### EXERCISE
Your response should give back each record exactly, word for word.

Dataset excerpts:
· · ·

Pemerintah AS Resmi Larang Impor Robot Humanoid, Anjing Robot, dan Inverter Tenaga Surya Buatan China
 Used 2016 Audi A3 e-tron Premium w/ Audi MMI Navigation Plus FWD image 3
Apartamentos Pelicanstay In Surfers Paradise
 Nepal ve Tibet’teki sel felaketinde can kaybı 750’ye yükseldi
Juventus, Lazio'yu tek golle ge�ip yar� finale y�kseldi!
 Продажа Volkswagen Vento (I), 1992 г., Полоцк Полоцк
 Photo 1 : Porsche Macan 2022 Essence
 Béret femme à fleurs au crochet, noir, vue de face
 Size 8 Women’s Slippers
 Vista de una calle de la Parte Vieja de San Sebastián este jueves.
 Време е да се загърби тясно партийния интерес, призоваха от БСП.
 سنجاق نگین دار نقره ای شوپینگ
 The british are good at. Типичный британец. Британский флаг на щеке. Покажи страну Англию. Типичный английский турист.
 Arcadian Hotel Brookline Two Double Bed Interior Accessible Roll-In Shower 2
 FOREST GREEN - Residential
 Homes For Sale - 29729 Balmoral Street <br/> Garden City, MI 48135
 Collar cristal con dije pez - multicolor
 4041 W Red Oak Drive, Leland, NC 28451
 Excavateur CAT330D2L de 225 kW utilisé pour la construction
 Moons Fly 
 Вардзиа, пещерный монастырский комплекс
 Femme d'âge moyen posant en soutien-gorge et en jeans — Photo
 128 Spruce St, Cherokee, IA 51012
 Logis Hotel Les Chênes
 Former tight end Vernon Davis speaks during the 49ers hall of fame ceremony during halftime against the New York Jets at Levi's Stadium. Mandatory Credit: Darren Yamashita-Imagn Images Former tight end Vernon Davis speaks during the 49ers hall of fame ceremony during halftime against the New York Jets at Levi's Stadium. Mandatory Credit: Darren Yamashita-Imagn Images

· · ·

### SOLUTION TO THE PROBLEM
Pemerintah AS Resmi Larang Impor Robot Humanoid, Anjing Robot, dan Inverter Tenaga Surya Buatan China
 Used 2016 Audi A3 e-tron Premium w/ Audi MMI Navigation Plus FWD image 3
Apartamentos Pelicanstay In Surfers Paradise
 Nepal ve Tibet’teki sel felaketinde can kaybı 750’ye yükseldi
Juventus, Lazio'yu tek golle ge�ip yar� finale y�kseldi!
 Продажа Volkswagen Vento (I), 1992 г., Полоцк Полоцк
 Photo 1 : Porsche Macan 2022 Essence
 Béret femme à fleurs au crochet, noir, vue de face
 Size 8 Women’s Slippers
 Vista de una calle de la Parte Vieja de San Sebastián este jueves.
 Време е да се загърби тясно партийния интерес, призоваха от БСП.
 سنجاق نگین دار نقره ای شوپینگ
 The british are good at. Типичный британец. Британский флаг на щеке. Покажи страну Англию. Типичный английский турист.
 Arcadian Hotel Brookline Two Double Bed Interior Accessible Roll-In Shower 2
 FOREST GREEN - Residential
 Homes For Sale - 29729 Balmoral Street <br/> Garden City, MI 48135
 Collar cristal con dije pez - multicolor
 4041 W Red Oak Drive, Leland, NC 28451
 Excavateur CAT330D2L de 225 kW utilisé pour la construction
 Moons Fly 
 Вардзиа, пещерный монастырский комплекс
 Femme d'âge moyen posant en soutien-gorge et en jeans — Photo
 128 Spruce St, Cherokee, IA 51012
 Logis Hotel Les Chênes
 Former tight end Vernon Davis speaks during the 49ers hall of fame ceremony during halftime against the New York Jets at Levi's Stadium. Mandatory Credit: Darren Yamashita-Imagn Images Former tight end Vernon Davis speaks during the 49ers hall of fame ceremony during halftime against the New York Jets at Levi's Stadium. Mandatory Credit: Darren Yamashita-Imagn Images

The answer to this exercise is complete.